This is how it looks like:

Unfortunately, organizers posted this image to their twitter some hours ago, spoiling the wonderful moment, but it was still an achievement.

We clicked on various items that display pictures of aliens (read wonderful writeup by tonsky to see a video of him exploring them)

This was an achievement that -- we sure -- would allow us to finally start scoring points and advance on the leaderboard.

Clicking on aliens sometimes led to some sort of mini-games the purpose of which was not clear. Two aliens led to the weird static pictures like this one:

Clicking on the center of the galaxy led you to some sort of mural, depicting the Galactic Tournament between civilizations, in which two ships face off and one of them advances to the next round and the other one dies:

Each stage of the tournament was clickable, displaying the "replay" of the battle between two ships, circling the weird square planet. Unfortunately, our evaluator really struggled with this part, taking 2-10 seconds per battle frame.

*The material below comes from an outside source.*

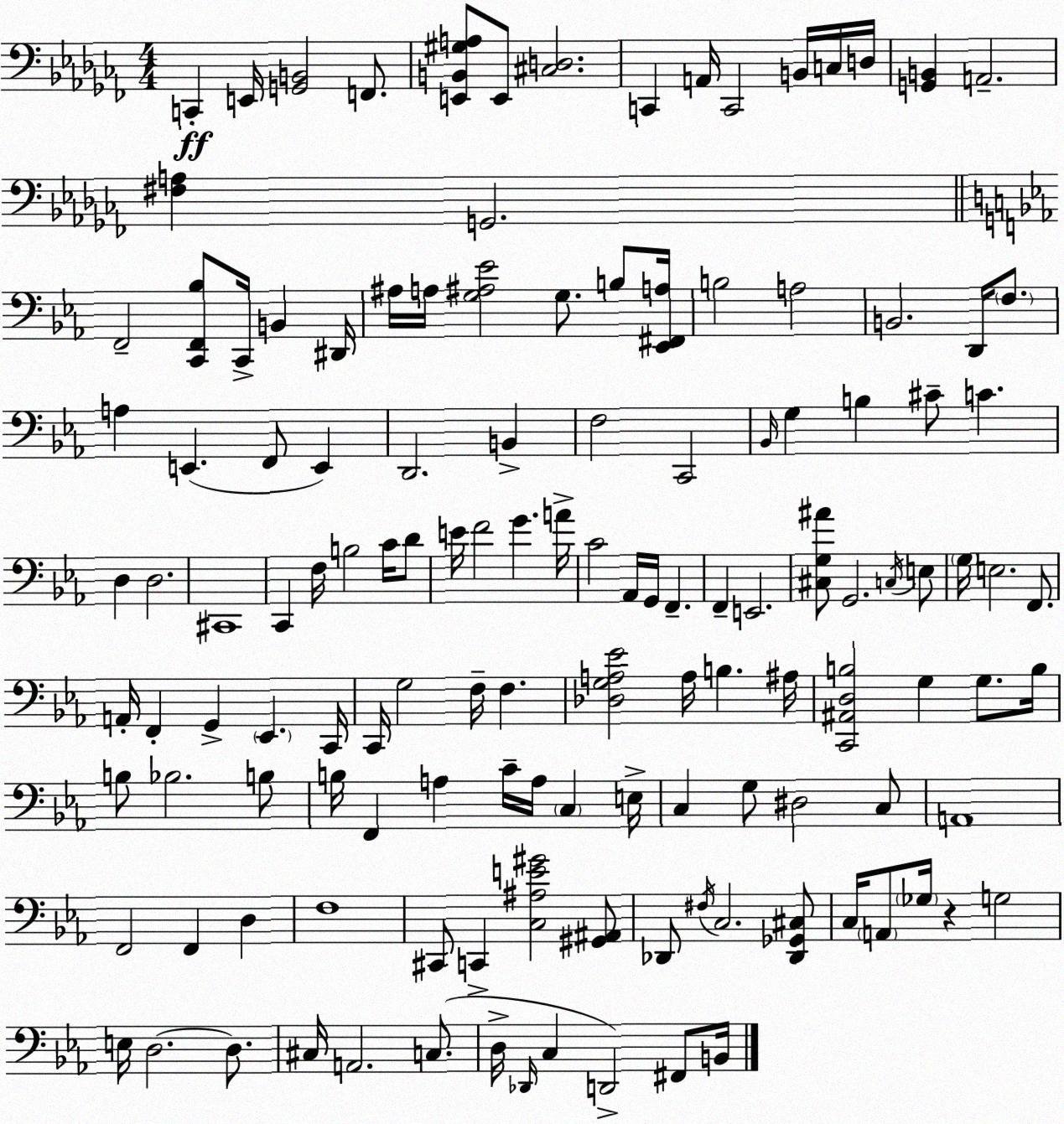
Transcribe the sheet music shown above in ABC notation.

Still, we scored no points.

Going back to Discord, we realized that we should've paid more in the last 10 hours or so. Minigames were giving points during the lightning round (first 24h) only, so we were too late. Now points were awarded for driving the "ship" and competing against ships controlled by other teams.

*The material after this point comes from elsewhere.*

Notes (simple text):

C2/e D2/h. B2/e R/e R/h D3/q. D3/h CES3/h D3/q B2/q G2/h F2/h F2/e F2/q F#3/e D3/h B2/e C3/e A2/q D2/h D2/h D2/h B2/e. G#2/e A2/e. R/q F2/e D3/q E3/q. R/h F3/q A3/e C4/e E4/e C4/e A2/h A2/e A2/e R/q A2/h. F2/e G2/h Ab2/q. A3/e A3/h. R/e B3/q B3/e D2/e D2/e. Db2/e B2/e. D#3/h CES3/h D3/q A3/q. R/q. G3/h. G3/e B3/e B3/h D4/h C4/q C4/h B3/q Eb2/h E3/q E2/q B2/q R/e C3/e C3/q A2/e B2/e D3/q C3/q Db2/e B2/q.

To control the ship, you still had to send "alien messages", and you could do that either via your "galaxy UI", or by sending appropriate messages from any other program.

Since our galaxy interpreter was sometimes too slow, we decided to write a separate piece of code to drive the ship.

Protocol to drive the ship was only partially specified:

You were supposed to explore the "galaxy UI" to fill in the gaps in the protocol and figure out what the missing pieces are, and this is where we made our biggest blunder.

It was not a single big mistake, but rather a combination of several smaller ones.

We printed out information everything we sent to the server and everything we received but did not show it in the UI
Console logs were very verbose and noisy
We printed out "alien language" representation of the messages sent and received
We thought that we would be able to "reverse engineer" missing pieces of the protocol from interacting with the server.
Every screen of "galaxy UI" has some numeric glyphs on it. We did not have an image decoder, and we were not able to read them from memory
We were sad that lightning round is over and galaxy UI does not give you points anymore, and we wanted to be on the leaderboard.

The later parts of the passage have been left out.